§ EXERCISE PROMPT:
Only the pictures are to be dropped; return all other data below exactly.

§ DATA EXCERPT:
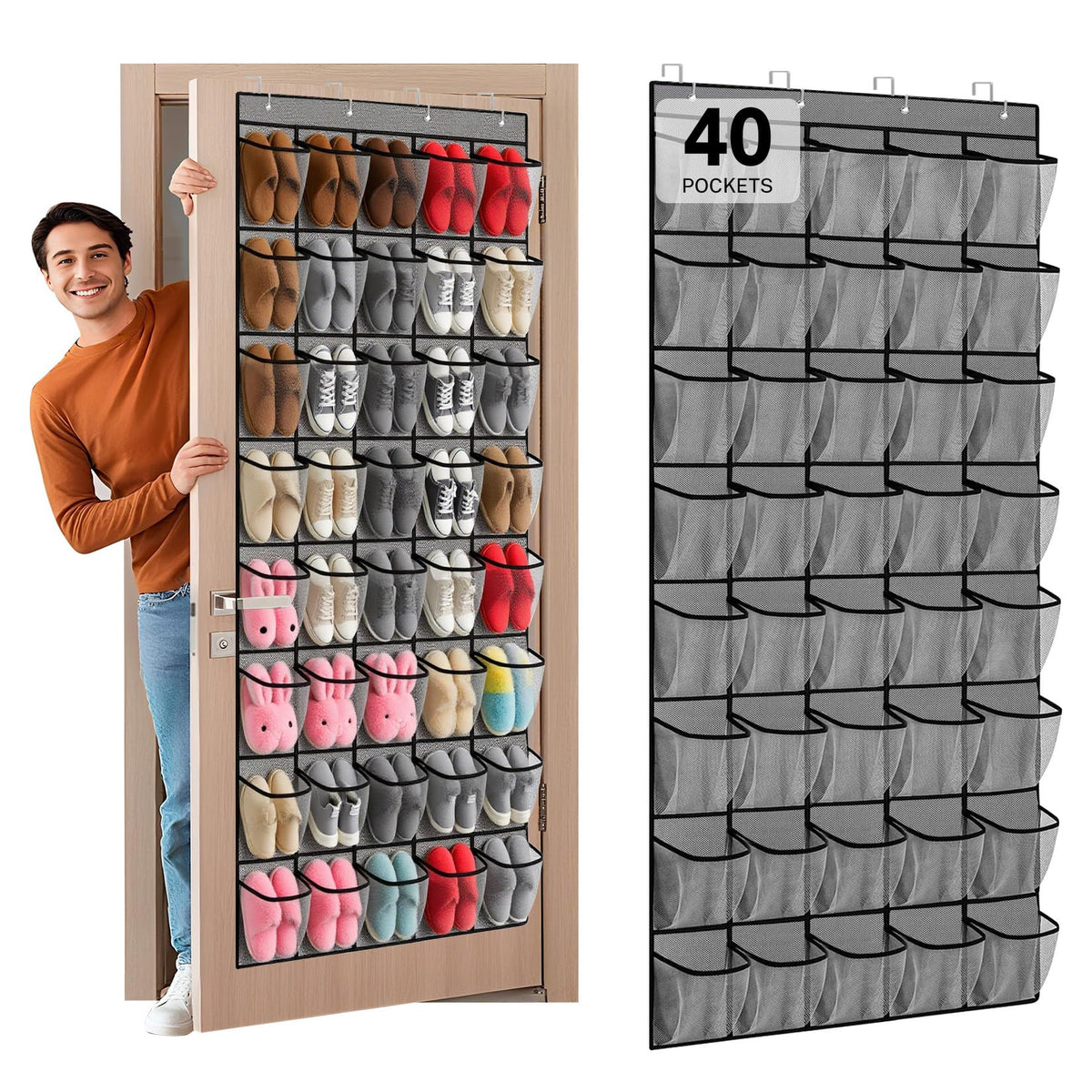 40 Large Mesh Pocket Over the Door Shoe Organizer,Hanging Shoe Rack for Door,Hualleko Shoes Organizer Hanger with Large Capacity, Shoes Storage Holder Sturdy Non-woven Fabric - Stores 20 Pairs (White)
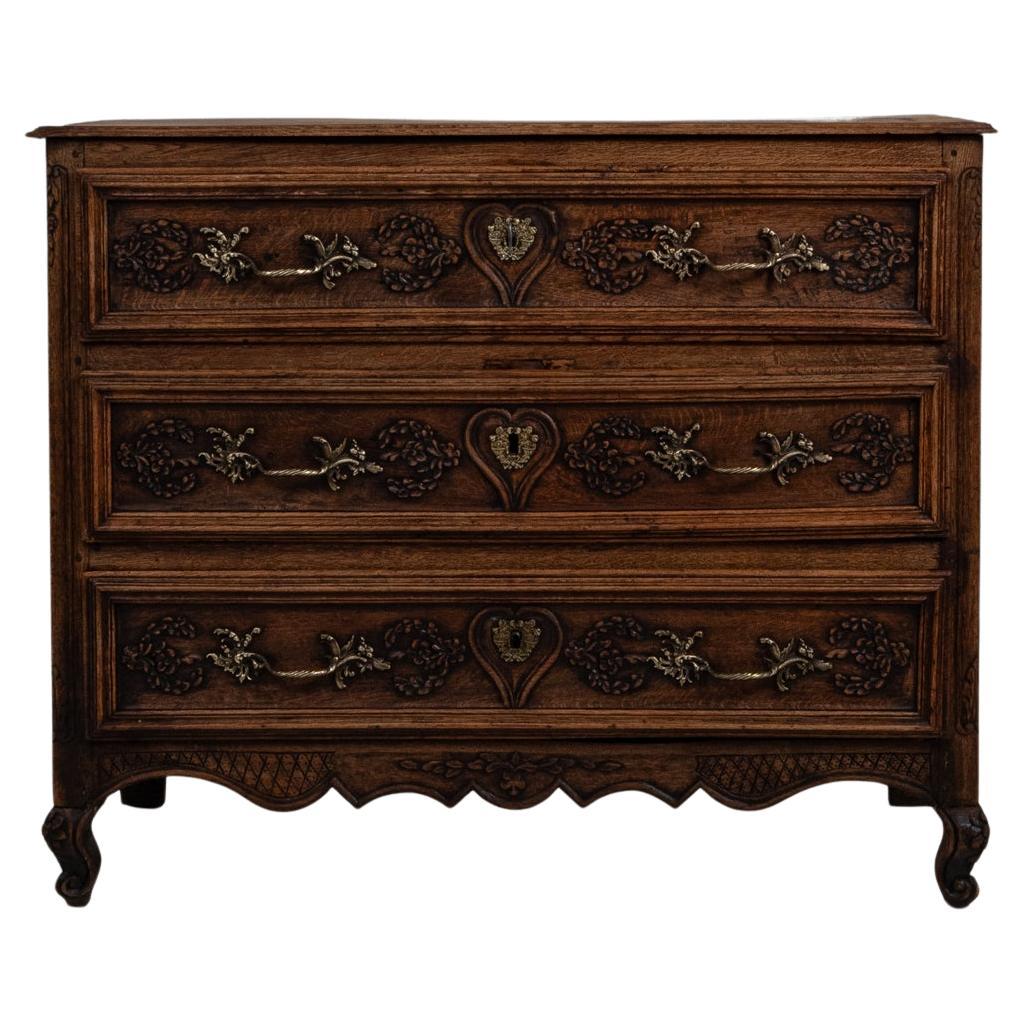 1820s French Louis XV Oak Chest of Drawers In Original Patina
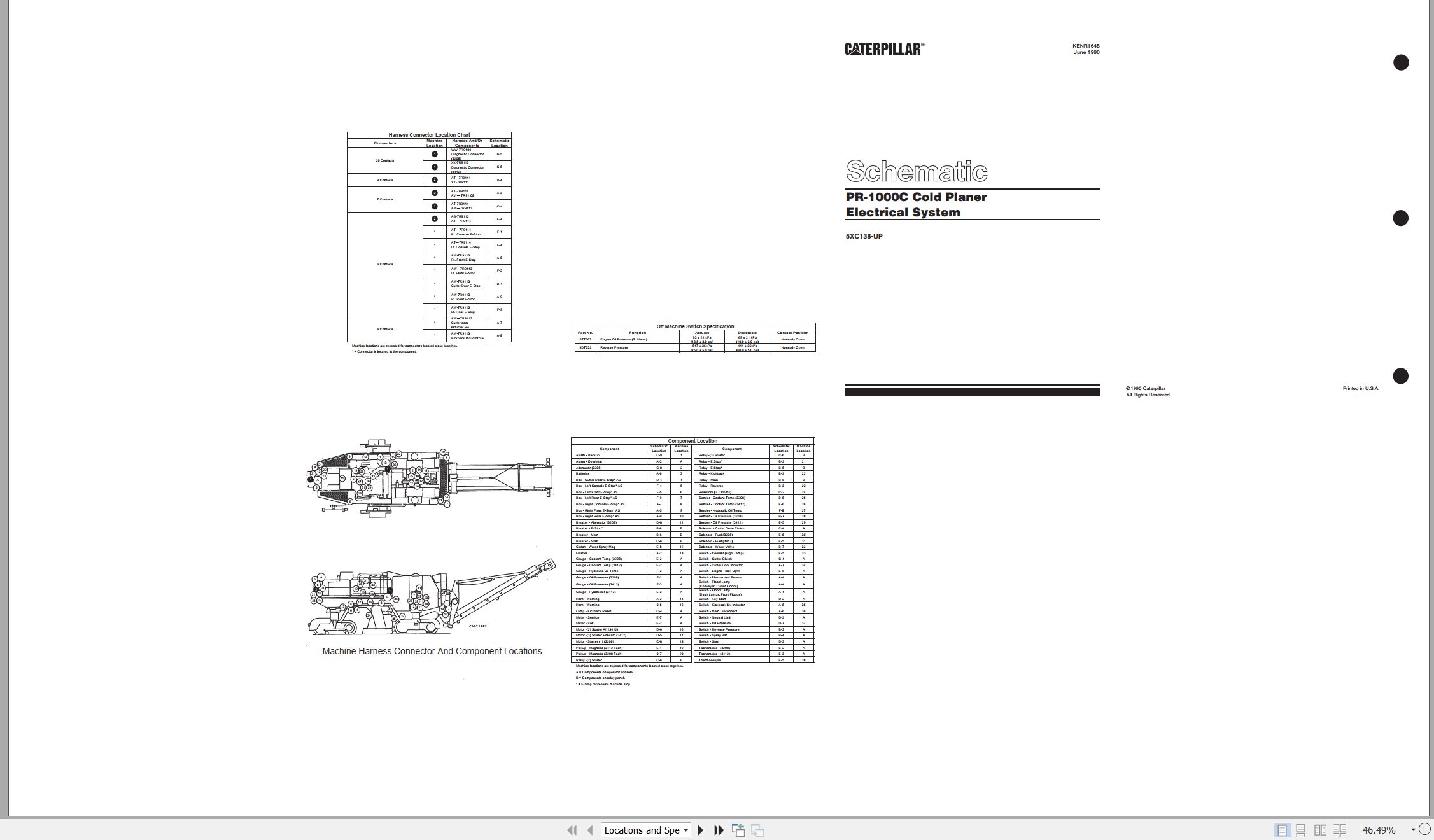 CAT Cold Planer PR 1000C Electrical Schematic KENR1648 00 1990 (1)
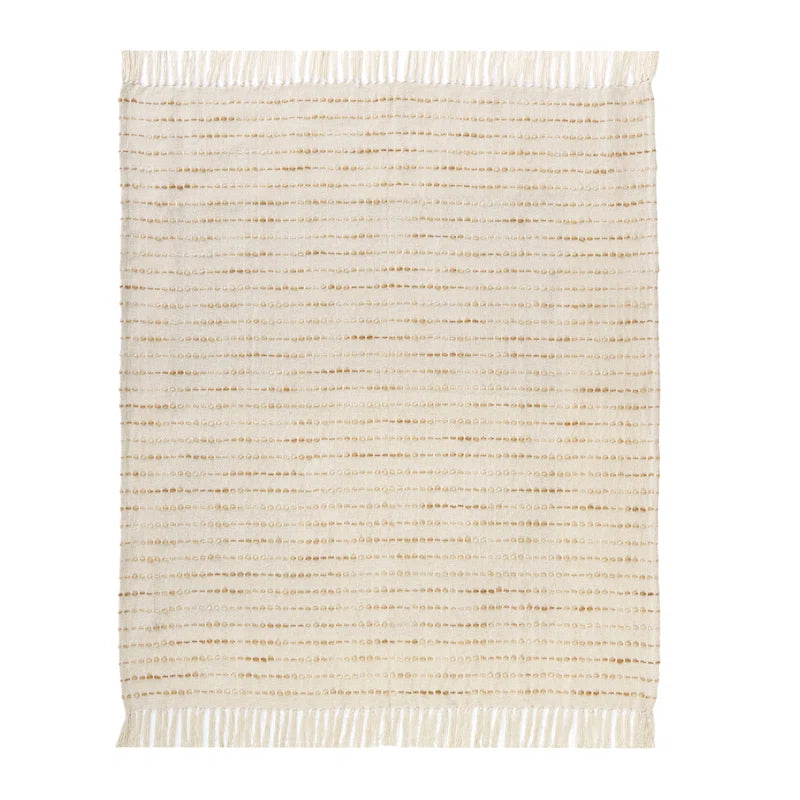 Deep Ombre Striped Handmade Woven Throw Blanket with Fringe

§ YOUR SOLUTION:
 40 Large Mesh Pocket Over the Door Shoe Organizer,Hanging Shoe Rack for Door,Hualleko Shoes Organizer Hanger with Large Capacity, Shoes Storage Holder Sturdy Non-woven Fabric - Stores 20 Pairs (White)
 1820s French Louis XV Oak Chest of Drawers In Original Patina
 CAT Cold Planer PR 1000C Electrical Schematic KENR1648 00 1990 (1)
 Deep Ombre Striped Handmade Woven Throw Blanket with Fringe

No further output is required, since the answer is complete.